WARTAJOGJA.ID:  Dua Karya Inovasi Universitas Islam Indonesia (UII) Lolos 20 Besar dalam Pameran Peralatan/Industri Penanggulangan Bencana yang diselenggarakan pada hari Senin sampai Selasa, 20 -  21 Mei 2024 bertempat di Gedung Sekolah Vokasi UGM. Gedung Teaching Industry Learning Center Blimbingsari, Yogyakarta.

Kegiatan dilaksanakan oleh Sekolah Vokasi Universitas Gadjah Mada bersama Badan Nasional Penanggulangan Bencana (BNPB) dan Asia Disaster Management and Civil Protection Conference and Expo (ADEXCO) menyelenggarakan Pameran alat-alat Kebencanaan/Marketplace 

"Saya merasa gembira bahwa lembaganya dapat mempromosikan karya dari sivitas akademika UII dalam pameran yang bergengsi tersebut," kata Dr. Ir. Dwi Handayani, ST., M.Sc., IPM selaku Ketua Simpul Pemberdayaan Masyarakat untuk Ketangguhan Bencana (SPMKB)/UII Peduli Senin 20 Mei 2024.

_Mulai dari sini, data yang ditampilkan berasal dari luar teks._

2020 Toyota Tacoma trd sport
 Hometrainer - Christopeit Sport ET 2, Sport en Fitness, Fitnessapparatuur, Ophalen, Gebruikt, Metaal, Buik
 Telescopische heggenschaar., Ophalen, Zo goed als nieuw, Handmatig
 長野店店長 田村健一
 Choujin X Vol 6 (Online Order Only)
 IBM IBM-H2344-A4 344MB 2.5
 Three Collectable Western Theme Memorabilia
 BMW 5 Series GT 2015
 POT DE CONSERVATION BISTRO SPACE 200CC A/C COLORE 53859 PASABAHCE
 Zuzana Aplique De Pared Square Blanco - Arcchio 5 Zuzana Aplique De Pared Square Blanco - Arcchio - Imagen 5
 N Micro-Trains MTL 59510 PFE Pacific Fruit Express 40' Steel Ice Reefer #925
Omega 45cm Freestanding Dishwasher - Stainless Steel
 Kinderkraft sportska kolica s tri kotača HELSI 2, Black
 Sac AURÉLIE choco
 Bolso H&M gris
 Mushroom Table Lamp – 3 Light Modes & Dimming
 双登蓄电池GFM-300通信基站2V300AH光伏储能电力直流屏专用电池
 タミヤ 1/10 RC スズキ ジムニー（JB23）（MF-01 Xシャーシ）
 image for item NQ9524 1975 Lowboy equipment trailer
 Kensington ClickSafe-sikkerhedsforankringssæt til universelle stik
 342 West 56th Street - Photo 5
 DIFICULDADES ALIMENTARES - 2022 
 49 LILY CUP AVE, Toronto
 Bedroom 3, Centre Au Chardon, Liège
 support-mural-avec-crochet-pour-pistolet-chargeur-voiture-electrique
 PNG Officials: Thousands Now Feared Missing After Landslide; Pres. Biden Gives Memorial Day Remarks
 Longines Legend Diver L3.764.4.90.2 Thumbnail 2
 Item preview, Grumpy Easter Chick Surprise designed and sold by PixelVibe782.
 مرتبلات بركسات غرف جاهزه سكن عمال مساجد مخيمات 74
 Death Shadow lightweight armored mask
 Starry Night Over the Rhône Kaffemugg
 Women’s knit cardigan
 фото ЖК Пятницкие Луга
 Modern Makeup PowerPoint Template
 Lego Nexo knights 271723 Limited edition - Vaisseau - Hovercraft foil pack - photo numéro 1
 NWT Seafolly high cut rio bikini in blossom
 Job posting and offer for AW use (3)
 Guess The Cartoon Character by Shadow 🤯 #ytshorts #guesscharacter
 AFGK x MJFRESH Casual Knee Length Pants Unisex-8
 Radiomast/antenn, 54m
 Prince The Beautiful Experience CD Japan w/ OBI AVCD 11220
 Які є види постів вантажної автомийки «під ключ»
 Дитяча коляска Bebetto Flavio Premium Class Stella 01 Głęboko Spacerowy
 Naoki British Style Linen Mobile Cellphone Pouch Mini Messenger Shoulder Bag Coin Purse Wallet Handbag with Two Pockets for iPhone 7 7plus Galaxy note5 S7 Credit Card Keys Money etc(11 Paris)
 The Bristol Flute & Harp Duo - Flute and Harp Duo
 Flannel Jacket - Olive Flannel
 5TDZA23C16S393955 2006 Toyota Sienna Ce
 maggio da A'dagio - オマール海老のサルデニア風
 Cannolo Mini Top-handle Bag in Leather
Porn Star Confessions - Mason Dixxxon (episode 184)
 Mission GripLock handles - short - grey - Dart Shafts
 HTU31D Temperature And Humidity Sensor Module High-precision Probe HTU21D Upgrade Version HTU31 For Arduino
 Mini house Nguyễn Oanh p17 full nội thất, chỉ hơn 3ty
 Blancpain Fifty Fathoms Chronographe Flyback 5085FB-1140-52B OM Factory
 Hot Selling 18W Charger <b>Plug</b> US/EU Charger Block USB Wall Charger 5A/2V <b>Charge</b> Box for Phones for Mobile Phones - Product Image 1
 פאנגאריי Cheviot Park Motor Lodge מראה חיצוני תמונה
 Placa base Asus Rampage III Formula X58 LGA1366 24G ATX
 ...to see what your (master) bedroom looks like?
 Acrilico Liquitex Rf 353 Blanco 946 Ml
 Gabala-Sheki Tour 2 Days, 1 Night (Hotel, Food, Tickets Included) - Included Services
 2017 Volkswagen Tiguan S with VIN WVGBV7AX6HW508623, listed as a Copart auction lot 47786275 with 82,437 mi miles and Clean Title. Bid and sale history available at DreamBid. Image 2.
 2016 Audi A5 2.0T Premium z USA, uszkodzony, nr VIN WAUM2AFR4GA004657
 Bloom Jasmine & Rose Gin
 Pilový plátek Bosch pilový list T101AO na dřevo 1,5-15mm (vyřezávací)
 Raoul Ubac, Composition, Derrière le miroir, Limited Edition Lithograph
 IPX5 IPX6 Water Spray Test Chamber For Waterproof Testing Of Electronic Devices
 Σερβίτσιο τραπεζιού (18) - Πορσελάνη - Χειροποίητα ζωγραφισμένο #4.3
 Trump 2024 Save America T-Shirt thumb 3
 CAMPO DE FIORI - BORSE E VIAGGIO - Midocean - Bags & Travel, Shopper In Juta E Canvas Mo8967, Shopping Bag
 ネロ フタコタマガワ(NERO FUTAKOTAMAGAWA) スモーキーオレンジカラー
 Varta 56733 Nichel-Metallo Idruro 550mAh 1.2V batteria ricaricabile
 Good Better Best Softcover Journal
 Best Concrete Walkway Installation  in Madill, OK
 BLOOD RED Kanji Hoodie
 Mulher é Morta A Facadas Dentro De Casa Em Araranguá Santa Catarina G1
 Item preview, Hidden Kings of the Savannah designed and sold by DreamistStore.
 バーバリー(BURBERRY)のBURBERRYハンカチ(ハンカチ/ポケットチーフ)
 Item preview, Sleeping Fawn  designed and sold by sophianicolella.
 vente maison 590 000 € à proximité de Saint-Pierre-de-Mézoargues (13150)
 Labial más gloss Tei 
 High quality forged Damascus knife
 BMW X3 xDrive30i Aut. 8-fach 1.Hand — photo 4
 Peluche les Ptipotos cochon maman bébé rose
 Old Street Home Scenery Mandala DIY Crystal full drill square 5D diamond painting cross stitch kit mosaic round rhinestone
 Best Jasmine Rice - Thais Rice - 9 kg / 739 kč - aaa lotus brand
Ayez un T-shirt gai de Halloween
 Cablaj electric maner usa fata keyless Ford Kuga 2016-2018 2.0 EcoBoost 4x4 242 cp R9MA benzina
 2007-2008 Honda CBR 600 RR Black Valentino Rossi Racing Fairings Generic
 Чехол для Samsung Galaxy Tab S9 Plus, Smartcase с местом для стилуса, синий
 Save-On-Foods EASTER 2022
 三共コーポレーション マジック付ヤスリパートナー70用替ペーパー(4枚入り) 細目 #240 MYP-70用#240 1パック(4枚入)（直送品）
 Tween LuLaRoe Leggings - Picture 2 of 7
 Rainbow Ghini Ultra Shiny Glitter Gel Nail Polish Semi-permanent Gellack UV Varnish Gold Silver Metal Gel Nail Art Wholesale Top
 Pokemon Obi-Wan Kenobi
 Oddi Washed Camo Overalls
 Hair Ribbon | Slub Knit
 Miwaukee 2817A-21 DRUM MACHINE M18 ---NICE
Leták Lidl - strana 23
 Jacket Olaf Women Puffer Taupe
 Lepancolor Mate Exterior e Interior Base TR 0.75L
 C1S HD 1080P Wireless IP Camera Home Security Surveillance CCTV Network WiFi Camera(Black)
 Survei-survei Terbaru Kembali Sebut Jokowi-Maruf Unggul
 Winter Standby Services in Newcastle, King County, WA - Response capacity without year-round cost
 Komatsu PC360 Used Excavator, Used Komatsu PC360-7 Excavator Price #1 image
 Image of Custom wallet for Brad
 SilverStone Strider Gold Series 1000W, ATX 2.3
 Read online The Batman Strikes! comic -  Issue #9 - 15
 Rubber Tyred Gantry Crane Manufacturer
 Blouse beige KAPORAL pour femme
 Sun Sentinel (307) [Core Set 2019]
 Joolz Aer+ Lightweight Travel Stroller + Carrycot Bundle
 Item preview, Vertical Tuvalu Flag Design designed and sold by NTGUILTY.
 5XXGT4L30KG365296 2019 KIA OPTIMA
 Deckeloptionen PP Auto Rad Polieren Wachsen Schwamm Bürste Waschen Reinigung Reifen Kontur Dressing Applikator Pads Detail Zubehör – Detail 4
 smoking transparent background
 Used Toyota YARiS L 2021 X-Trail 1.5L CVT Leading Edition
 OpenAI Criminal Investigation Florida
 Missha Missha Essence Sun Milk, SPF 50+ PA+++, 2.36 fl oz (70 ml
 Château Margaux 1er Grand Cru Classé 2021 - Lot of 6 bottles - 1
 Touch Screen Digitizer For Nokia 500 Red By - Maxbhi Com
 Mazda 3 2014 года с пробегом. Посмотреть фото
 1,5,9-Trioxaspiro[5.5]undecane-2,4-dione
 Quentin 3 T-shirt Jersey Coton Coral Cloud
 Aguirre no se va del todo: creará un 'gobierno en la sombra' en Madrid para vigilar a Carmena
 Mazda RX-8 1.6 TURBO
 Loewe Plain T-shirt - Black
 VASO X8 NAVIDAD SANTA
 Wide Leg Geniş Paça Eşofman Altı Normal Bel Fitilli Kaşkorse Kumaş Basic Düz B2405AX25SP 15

Menurut Dwi, keberhasilan itu tak lepas dari dukungan dari Dr. Ir. Arif Wismadi., M.Sc. selaku Direktur Simpul Tumbuh dan Wiryono Raharjo, M.Arch., Ph.D. selaku Wakil Rektor Bidang Kemitraan & Kewirausahaan untuk terlaksananya kegiatan ini.

"Ini sangat baik sekali, mengingat kegiatan ini merupakan bentuk dari hilirisasi ide-ide civitas akademika UII yang patut untuk terus didukung dan dikembangkan. Kami berharap bahwa even ini akan dapat memantik karya para inventor lain tumbuh subur di lingkungan UII," kata dia.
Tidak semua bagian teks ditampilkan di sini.